Eye Pop: The Celebrity Gaze
National Portrait Gallery
8th and F streets
If you thought you would never see a giant portrait of Katy Perry hanging in a world-renowned portrait gallery, you were wrong. This exhibit, which opened last spring, offers 53 portraits of celebrities including Michelle Obama, Brad Pitt, Eva Longoria and a rhinestone-encrusted Oprah Winfrey.
The museum is open daily from 11:30 a.m. to 7 p.m.
British Guiana One-Cent Magenta
National Postal Museum
2 Massachusetts Ave.
This often underrated museum offers a lot of information on stamps, the history of mail and a current exhibit showcasing the world’s most famous stamp, if there is such a thing. The British Guiana one-cent magenta is a rare stamp from South America that was printed in four-cent and one-cent forms. To date, the one on display is the only one-cent print that has survived, making it a prized collection piece for several owners through its 194-year existence.

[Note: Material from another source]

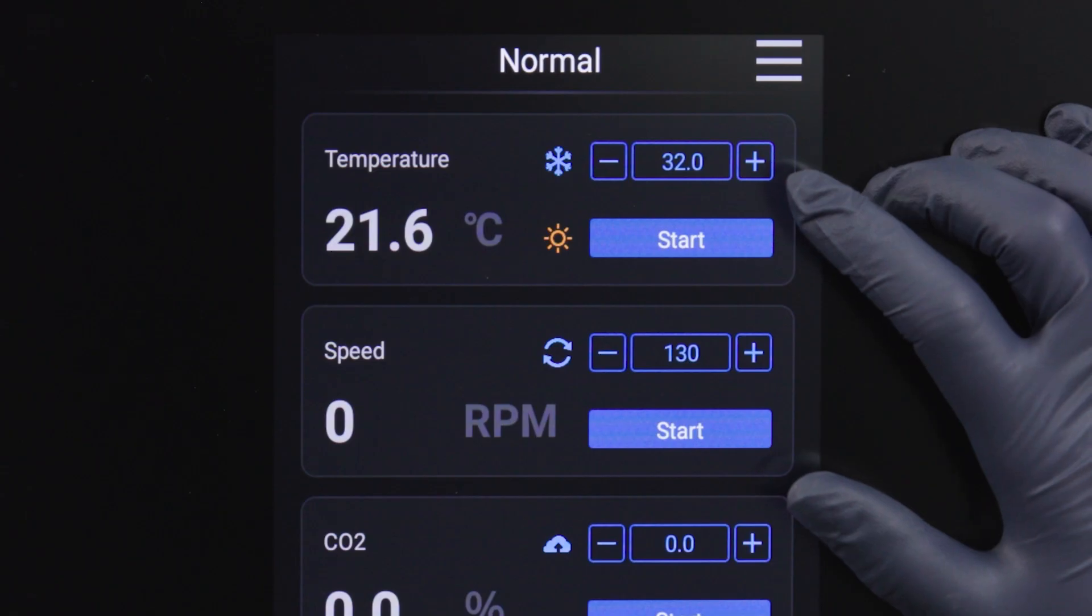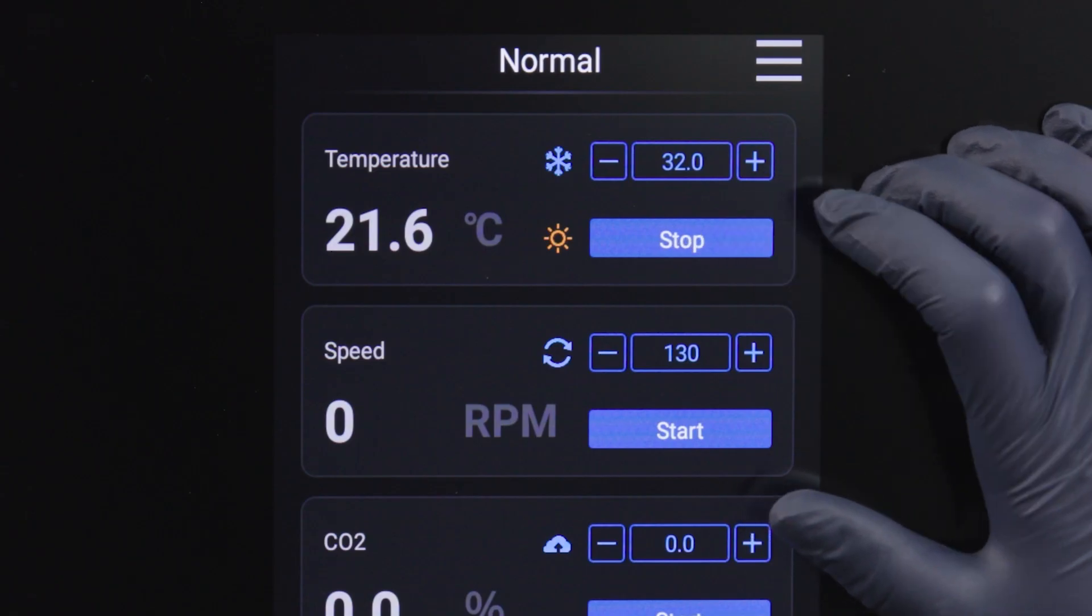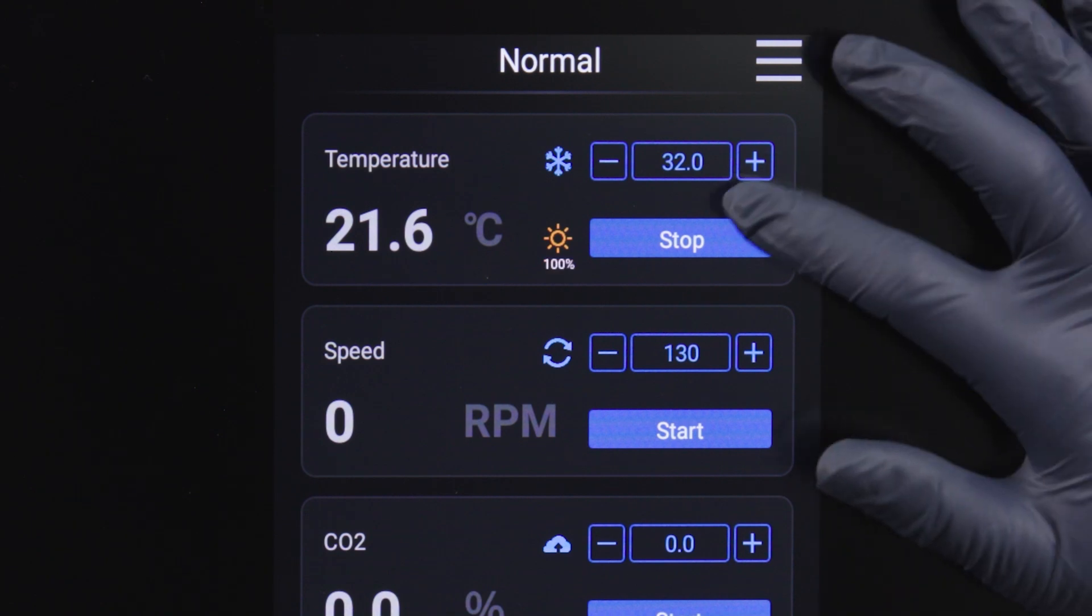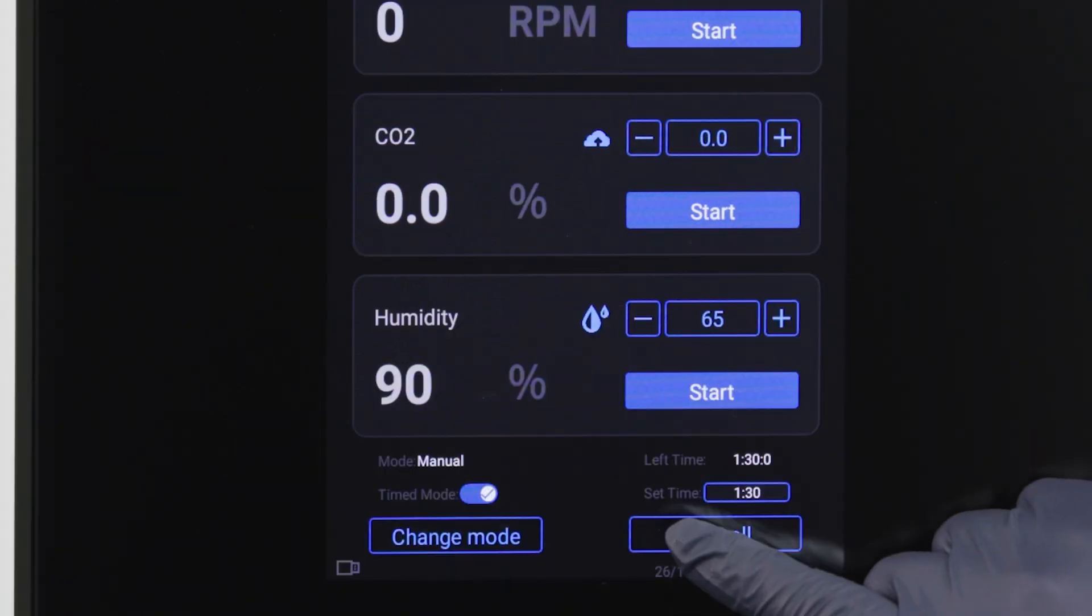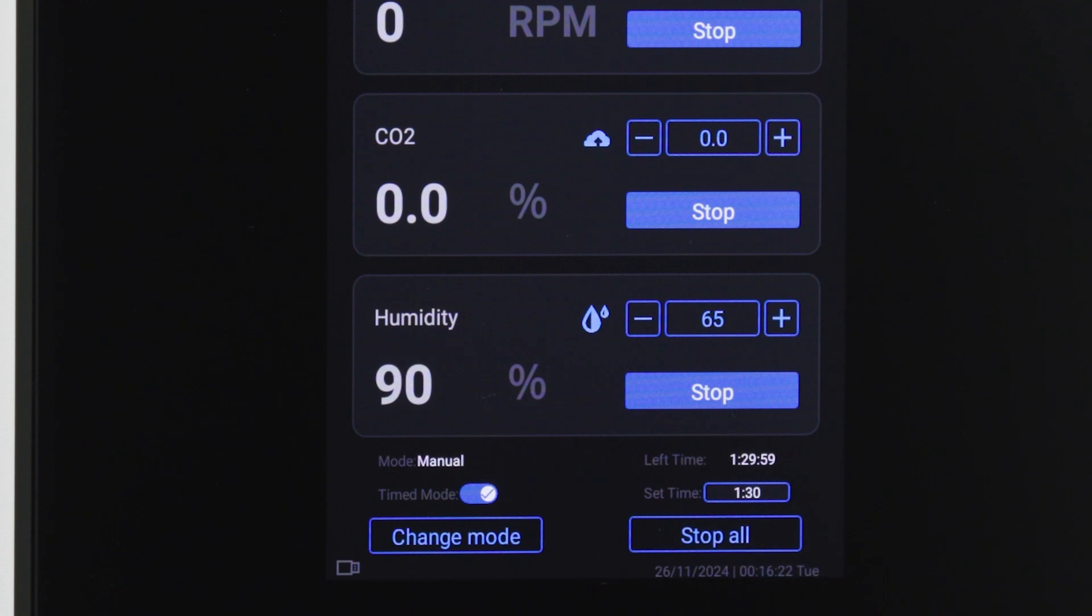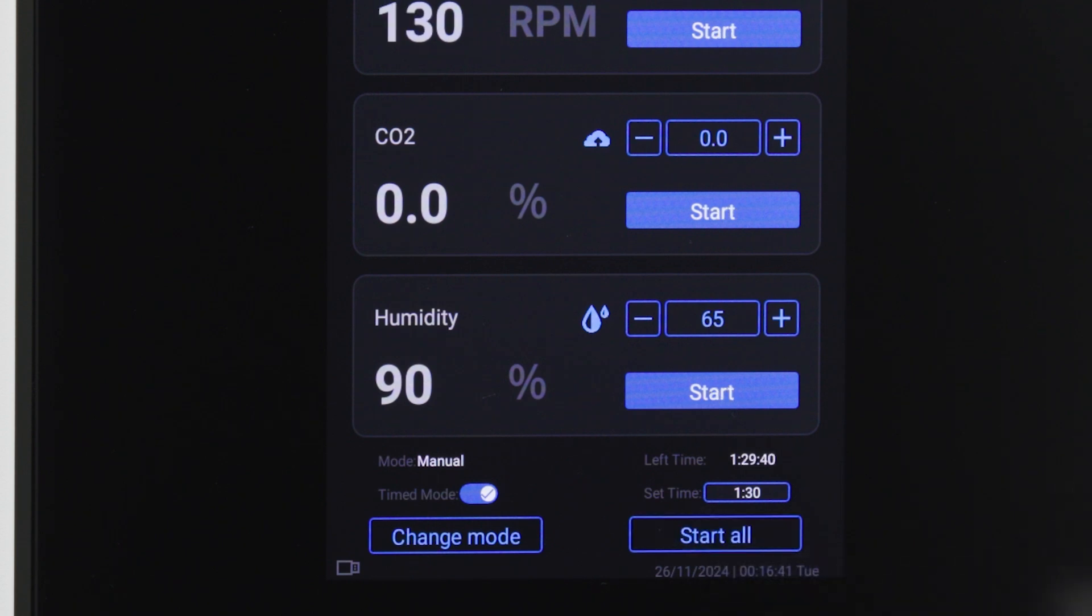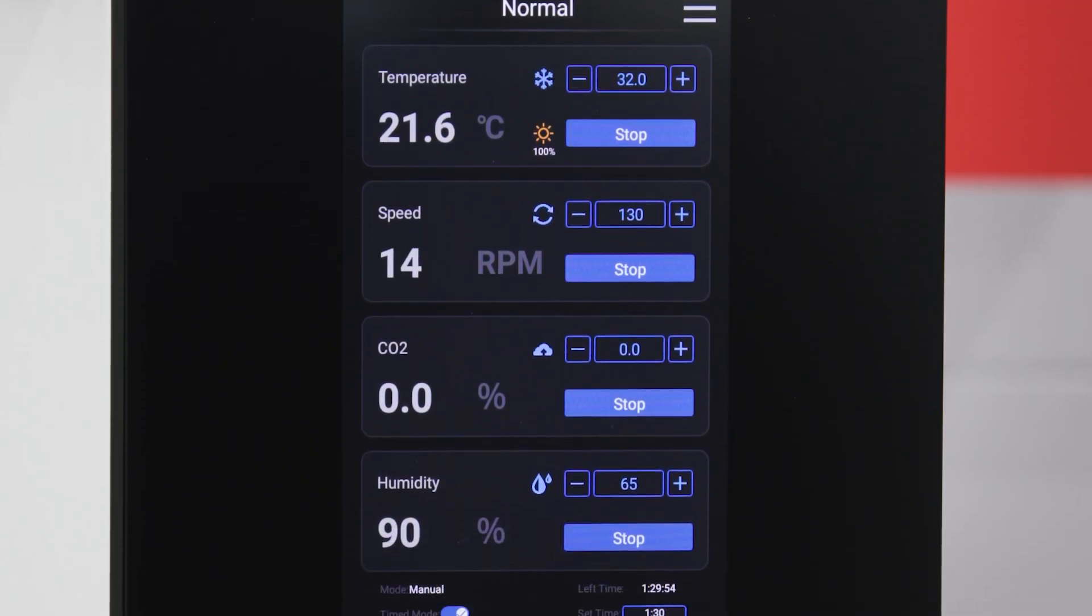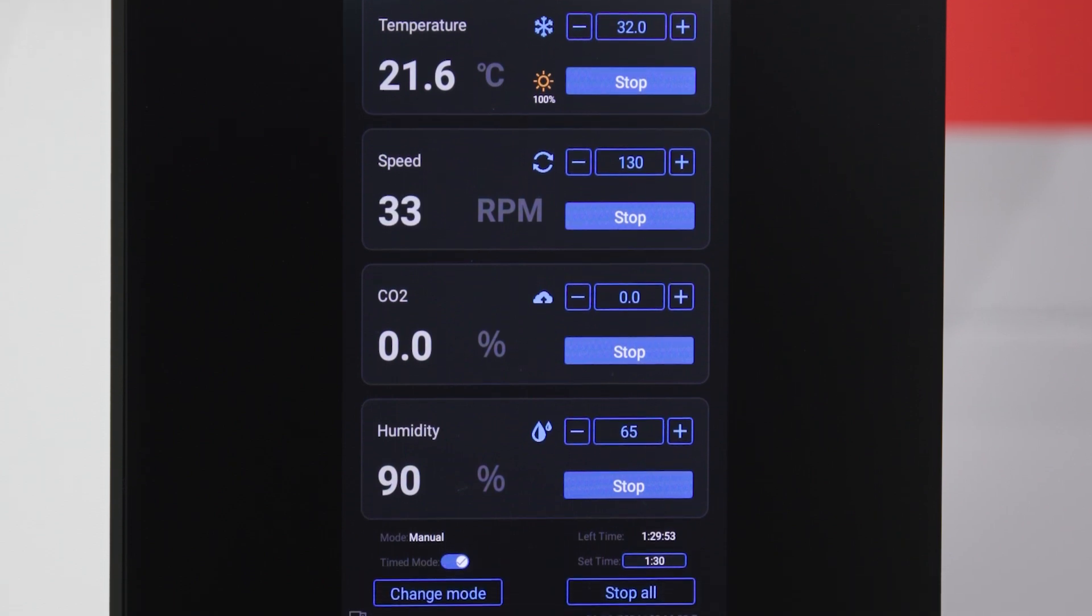To start or stop an operation, press either the start or stop button in each panel or the start all or stop all buttons at the bottom of the interface. This option allows you to run all parameters or select the ones you'd like to run.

While you’re at the museum, make sure to pick up six free stamps before you head out. The downstairs offers exhibits on the history of mail services from cross-country stage coach trips to the modern day postal vehicles.
The museum is open daily from 10 a.m. to 5:30 p.m.
The Harry Winston Gallery
National Museum of Natural History
10th Street and Constitution Avenue
If you haven’t already, take a visit to the Hope Diamond. The 45.52-carat, deep blue diamond is known as the “most famous diamond in the world.” During its travels from India to France and Britain to the U.S., the gem developed the reputation of being cursed. You don’t have to worry about craning your neck to get a selfie with the famous rock, though: It rotates on its pedestal behind the heavy glass casing. Known for a mysterious past and mysterious owners, the diamond arrived at its current home through the postal service.
The diamond is on the second floor. The museum is open daily from 10 a.m. to 5:30 p.m.
The Divine Comedy
National Museum of African Art until Nov. 1
950 Independence Ave.
This stunning exhibit depicts Heaven, Hell and Purgatory in various artistic forms: sculptures, videos, photos and paintings. A dramatic red fabric “circle of life” on the bottom level creates a dramatic interpretation of Purgatory when looking down from the first floor balcony. In Hell, white paper pieces spell out letters on the floor as a video shows a 3-D “angel” morphing into grotesque shapes and colors. Heaven provides a soothing relief from the intense art in the other two sections. Rows of silvery rhinestone heels on prayer mats symbolize one vision of Heaven, while photographs of a calm blue shoreline depict another.
The museum is open daily from 10 a.m to 5:30 p.m.